*** DATA LISTING

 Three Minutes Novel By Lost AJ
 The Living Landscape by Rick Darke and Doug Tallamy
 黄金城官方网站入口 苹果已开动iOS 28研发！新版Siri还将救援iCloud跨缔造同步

******
*** DATA LISTING

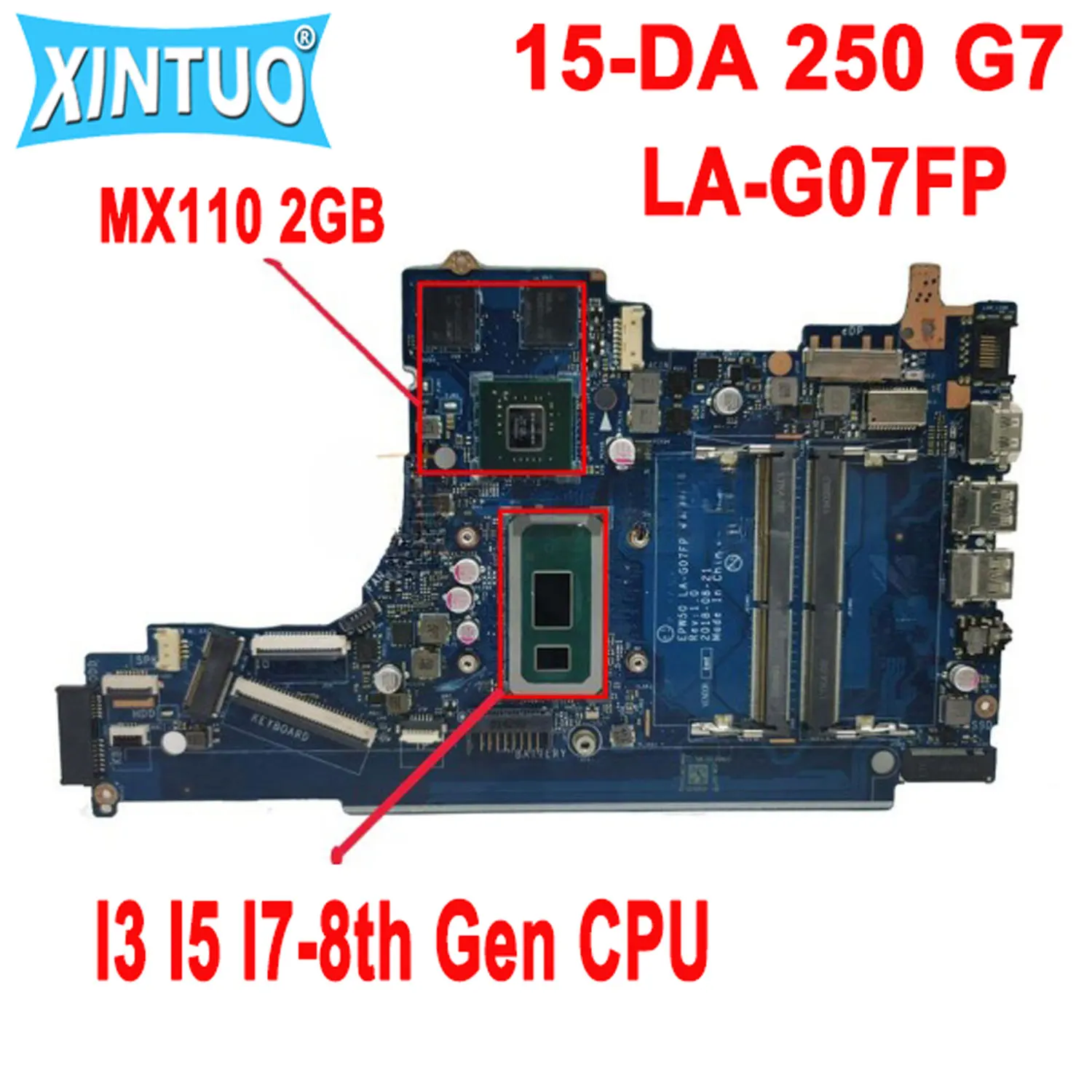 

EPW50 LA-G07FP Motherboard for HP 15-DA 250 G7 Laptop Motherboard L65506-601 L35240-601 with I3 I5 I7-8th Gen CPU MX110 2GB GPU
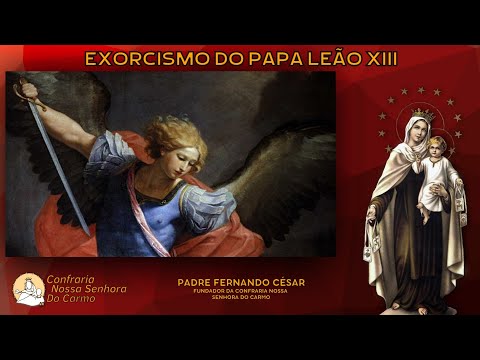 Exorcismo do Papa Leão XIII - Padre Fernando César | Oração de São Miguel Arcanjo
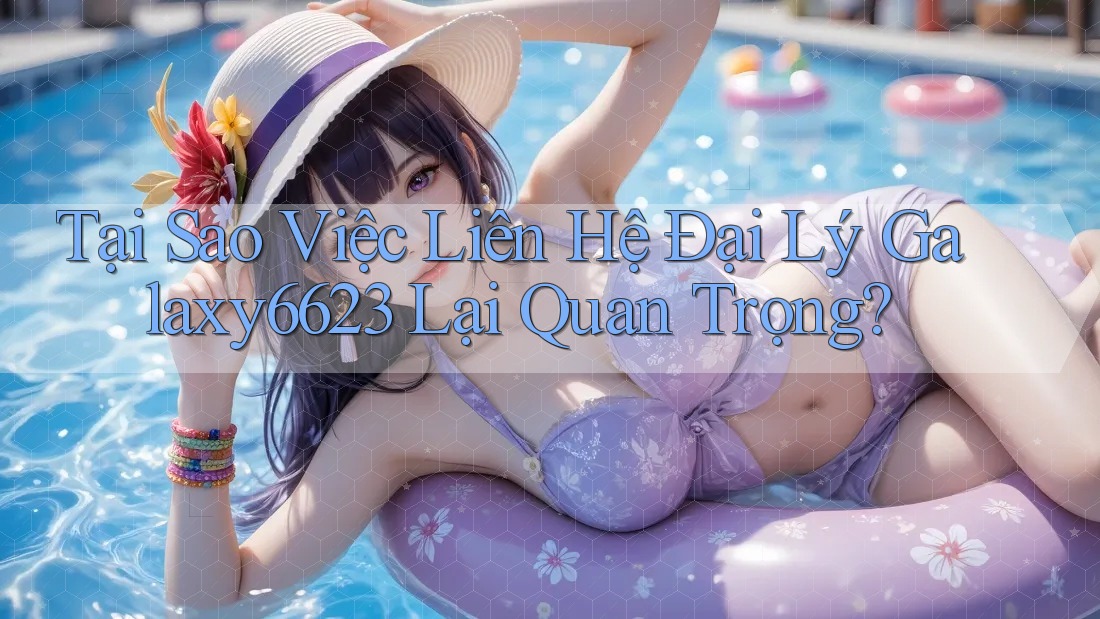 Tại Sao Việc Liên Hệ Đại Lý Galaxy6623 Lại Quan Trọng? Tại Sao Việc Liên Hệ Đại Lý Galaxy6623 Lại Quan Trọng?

******

» WHAT THE TASK ASKS: For the listing above, print only the lines starting at the line containing "Three Minutes Novel By Lost AJ" and ending at the line containing "黄金城官方网站入口 苹果已开动iOS 28研发！新版Siri还将救援iCloud跨缔造同步", exactly, both included.

» COMPLETED TASK:
 Three Minutes Novel By Lost AJ
 The Living Landscape by Rick Darke and Doug Tallamy
 黄金城官方网站入口 苹果已开动iOS 28研发！新版Siri还将救援iCloud跨缔造同步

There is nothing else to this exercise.